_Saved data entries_
========

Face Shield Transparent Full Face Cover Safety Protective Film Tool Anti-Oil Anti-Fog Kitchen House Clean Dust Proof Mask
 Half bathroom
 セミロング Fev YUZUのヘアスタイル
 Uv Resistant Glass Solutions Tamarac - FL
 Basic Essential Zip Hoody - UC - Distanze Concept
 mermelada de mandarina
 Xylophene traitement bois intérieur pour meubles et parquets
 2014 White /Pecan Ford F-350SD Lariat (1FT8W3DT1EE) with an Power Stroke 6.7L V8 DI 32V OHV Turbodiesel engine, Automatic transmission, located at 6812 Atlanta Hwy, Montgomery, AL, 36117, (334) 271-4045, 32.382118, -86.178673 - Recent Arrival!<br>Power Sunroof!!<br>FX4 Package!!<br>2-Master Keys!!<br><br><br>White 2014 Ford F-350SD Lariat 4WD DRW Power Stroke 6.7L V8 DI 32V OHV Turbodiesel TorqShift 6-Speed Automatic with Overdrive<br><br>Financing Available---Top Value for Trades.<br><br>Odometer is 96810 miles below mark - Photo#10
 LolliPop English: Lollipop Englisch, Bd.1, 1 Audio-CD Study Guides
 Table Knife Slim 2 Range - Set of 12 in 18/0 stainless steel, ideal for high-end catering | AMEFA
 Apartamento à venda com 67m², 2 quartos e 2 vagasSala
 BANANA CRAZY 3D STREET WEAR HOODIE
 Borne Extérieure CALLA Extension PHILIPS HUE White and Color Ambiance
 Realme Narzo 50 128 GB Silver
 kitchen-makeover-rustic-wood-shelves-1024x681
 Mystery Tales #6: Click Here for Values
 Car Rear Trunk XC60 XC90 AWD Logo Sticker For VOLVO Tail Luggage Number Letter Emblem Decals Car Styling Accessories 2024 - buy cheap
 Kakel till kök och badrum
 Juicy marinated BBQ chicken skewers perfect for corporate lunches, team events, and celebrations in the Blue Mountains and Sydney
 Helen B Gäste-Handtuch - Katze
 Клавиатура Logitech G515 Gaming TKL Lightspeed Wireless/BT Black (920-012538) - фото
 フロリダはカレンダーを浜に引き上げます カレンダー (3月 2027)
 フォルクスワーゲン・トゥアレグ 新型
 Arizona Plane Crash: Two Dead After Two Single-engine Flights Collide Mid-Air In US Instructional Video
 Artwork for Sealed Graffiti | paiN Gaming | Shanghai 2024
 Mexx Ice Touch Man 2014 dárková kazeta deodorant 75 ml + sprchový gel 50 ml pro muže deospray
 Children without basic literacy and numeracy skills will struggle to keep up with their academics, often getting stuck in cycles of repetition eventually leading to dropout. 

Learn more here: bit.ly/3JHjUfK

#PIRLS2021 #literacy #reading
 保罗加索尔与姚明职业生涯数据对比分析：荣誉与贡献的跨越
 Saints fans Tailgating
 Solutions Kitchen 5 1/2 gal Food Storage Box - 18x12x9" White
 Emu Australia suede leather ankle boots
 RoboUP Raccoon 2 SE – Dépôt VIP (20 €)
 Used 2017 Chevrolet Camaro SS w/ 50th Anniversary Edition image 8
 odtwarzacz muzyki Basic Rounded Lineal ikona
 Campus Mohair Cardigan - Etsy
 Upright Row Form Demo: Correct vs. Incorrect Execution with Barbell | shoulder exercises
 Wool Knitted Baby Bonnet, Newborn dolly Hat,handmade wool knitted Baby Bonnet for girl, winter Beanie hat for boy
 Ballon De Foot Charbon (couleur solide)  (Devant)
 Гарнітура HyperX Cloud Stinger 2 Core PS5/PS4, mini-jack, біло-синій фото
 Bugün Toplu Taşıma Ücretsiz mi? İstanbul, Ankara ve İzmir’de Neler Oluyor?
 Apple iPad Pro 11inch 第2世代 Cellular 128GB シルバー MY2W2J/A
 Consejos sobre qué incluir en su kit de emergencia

========

_TASK TO COMPLETE_
Write the opening line of the data above and every line after it, exactly, stopping once you have written the line with "Basic Essential Zip".

_COMPLETED EXERCISE_
Face Shield Transparent Full Face Cover Safety Protective Film Tool Anti-Oil Anti-Fog Kitchen House Clean Dust Proof Mask
 Half bathroom
 セミロング Fev YUZUのヘアスタイル
 Uv Resistant Glass Solutions Tamarac - FL
 Basic Essential Zip Hoody - UC - Distanze Concept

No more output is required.